The only apparent source of help is television, and to utilize it, the ABA must devise some innovation that will make their one-star league attracted to the networks. The networks might be susceptible to a format that built Julius Erving into a national television personality like Rhoda. Instead of matching two other teams full of unknowns each week, Dr. J. and the Nets would fit into a regular time slot with Erving hosting taped pregame and halftime shows. Furthermore, any network picking up the package would surely introduce it with the high-powered promotional campaign that they run for all their new programs and stars; a TV Guide cover story might introduce the league to millions of people who never saw a red, white, and blue ball before. The approach is so radical that it would attract more attention than any other promotion the league could dream up, and—with Julius as the draw—viewers would become familiar with talented teams like Kentucky, San Antonio, and Denver.
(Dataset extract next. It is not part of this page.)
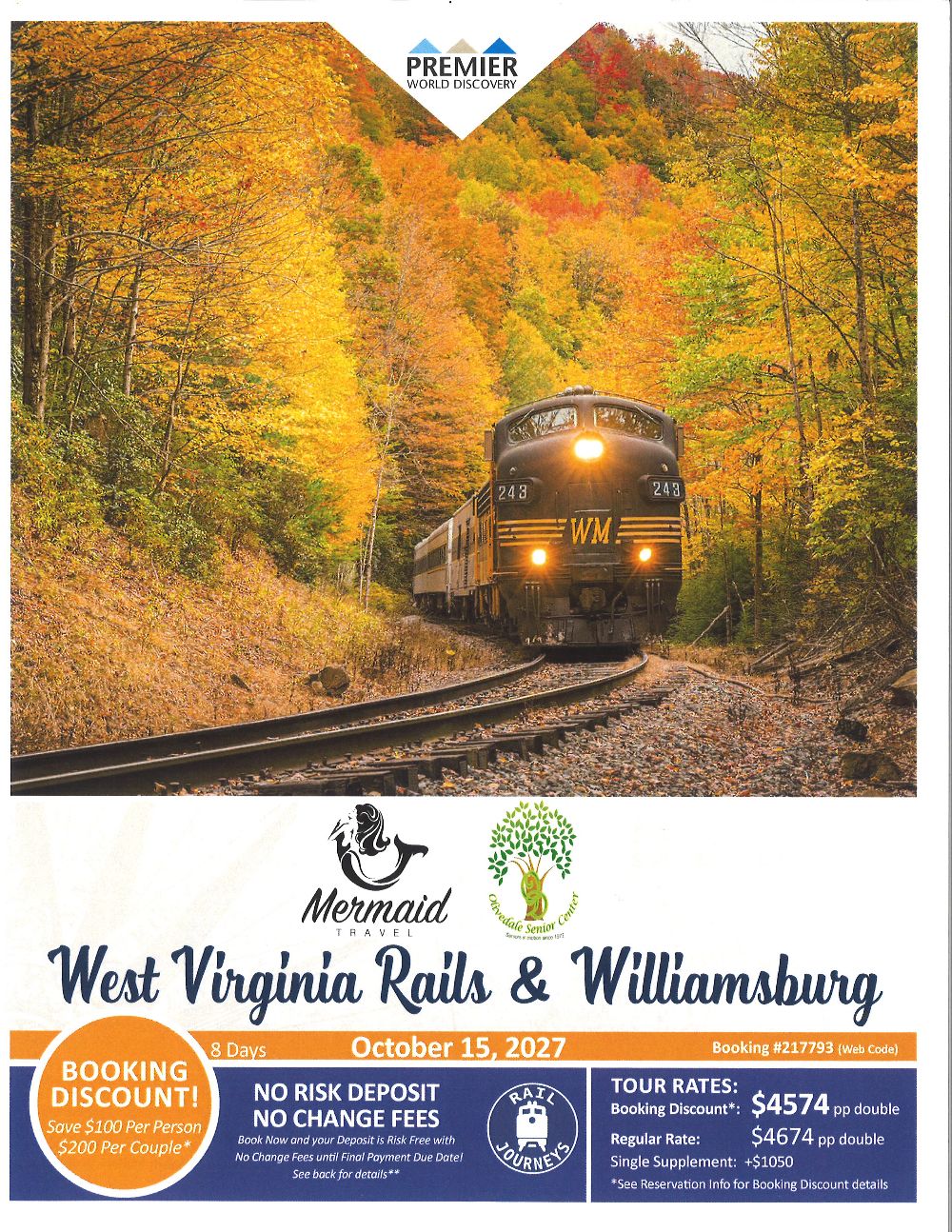 West Virginia Rails and Williamsburg trip flier showing a train in fall foliage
Erving, who is thinking about a future in broadcasting, was recently presented with the idea of the league being sold as “The Dr. J. Show.” “It’s not beyond my capabilities to do something like that,” he said. “I would be very receptive to hearing out a proposal and seeing it through if the league thinks it is helpful.” He then sat on the stool in front of his locker in the Nets dressing room, tossing the suggestion around in his mind. Suddenly, he blurted, “That is a hip idea. The more I think about it, the more I like it.” And he began to expand on it and make it his own, just like any game he plays in. “The Nets would not even have to be on every week,” said Julius Erving. “I could host a game between any two teams in the league.”